Thanks for the update.
I already figured that this was a foregone conclusion. The 1% will insert itself in the process and rip off as much as possible. Then the corp-owned propoganda wurlitizer will chime in about the lazy moochers who were too cheap (or whatever) to pay for BigIns or whatever and how ALL the lazy 99% moochers are trying to rip off the system…. cue photos of minorities… blah blah blah…
And Tea Partiers everywhere will call for further destruction of FEMA.
Lather, rinse, repeat…
These people have no grasp on reality. Will the banks end up with hundreds of properties that are basically tear downs. I don’t understand what 90 days gets the owner of a home like the ones I see from the disaster footage.
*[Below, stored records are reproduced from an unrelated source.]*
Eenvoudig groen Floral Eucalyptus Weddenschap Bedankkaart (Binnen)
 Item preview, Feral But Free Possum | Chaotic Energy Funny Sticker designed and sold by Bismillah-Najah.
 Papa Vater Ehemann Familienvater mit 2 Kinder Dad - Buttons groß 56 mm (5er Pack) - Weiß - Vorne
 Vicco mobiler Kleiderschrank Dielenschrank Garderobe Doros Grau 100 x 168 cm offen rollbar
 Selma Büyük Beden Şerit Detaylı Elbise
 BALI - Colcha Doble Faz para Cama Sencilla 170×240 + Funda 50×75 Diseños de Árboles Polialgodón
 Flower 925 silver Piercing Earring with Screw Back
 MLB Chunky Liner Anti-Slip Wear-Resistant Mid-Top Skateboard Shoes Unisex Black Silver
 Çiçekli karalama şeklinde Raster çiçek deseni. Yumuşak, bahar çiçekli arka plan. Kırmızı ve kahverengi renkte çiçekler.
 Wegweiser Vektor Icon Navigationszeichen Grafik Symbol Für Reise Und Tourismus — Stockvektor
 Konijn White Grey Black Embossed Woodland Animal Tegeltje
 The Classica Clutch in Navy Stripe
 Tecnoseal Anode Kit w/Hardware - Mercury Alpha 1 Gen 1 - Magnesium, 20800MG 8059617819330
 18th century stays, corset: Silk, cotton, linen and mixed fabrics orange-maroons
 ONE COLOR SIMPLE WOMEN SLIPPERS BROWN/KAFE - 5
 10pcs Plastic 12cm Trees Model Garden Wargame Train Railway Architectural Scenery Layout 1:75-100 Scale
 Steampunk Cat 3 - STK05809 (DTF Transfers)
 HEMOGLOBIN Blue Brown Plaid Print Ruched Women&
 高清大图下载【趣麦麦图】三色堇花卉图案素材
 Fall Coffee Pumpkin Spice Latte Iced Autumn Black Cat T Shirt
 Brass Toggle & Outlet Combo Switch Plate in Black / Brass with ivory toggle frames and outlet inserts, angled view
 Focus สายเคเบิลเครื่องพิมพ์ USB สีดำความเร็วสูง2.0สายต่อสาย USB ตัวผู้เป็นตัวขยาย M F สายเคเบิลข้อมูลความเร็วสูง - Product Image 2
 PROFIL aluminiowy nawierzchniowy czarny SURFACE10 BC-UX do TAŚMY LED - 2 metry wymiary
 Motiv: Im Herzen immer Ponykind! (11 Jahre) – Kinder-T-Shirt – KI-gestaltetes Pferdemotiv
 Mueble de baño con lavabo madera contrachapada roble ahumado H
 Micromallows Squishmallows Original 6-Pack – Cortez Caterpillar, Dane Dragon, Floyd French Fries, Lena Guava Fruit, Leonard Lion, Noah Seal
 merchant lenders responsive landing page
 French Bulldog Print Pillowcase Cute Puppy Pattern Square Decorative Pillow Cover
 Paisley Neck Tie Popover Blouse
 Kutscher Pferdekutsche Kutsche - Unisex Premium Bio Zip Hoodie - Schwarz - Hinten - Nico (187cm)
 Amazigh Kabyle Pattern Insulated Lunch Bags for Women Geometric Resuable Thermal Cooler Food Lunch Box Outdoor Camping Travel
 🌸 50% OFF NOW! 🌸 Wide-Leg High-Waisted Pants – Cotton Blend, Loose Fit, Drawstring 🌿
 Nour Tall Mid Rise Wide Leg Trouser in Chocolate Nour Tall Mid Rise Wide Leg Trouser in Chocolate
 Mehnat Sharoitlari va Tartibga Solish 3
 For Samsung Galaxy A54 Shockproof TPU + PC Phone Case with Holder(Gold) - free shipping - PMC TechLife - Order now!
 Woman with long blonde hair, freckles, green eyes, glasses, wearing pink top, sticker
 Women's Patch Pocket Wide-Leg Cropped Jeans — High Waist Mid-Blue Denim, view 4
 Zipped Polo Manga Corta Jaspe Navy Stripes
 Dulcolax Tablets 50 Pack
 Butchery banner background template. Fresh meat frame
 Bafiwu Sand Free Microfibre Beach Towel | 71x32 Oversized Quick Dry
Some of these homes were underwater in actuality that are underwater loan/value.
I can’t speak to any GSE other than Freddie Mac, but the servicers don’t have to do anything Freddie tells the rest of us that they want done for their loans/customers, so it’s entirely possible (and likely to be highly probable) that there won’t be much relief to be had once the spotlight turns away to the next crisis.
New Jersey also has mandatory mediation in foreclosure cases.
It’s pointless. I sat in a mediation once and heard the banks lawyer talk about the new monthly payment. I asked him what number he was using for principal and what for interest. He didn’t know. In front of the mediator he called the servicer
to find out. (yes, if you are representing wells fargo, instead of being one of it’s victims, you can get through easily, no voicejail to plod through). He put his Blackberry on speaker in the center of the conference table. He asked someone to get those figures. An exasperated voice came out of the speaker: “I have no idea. If the borrower takes the deal we will figure it out later”.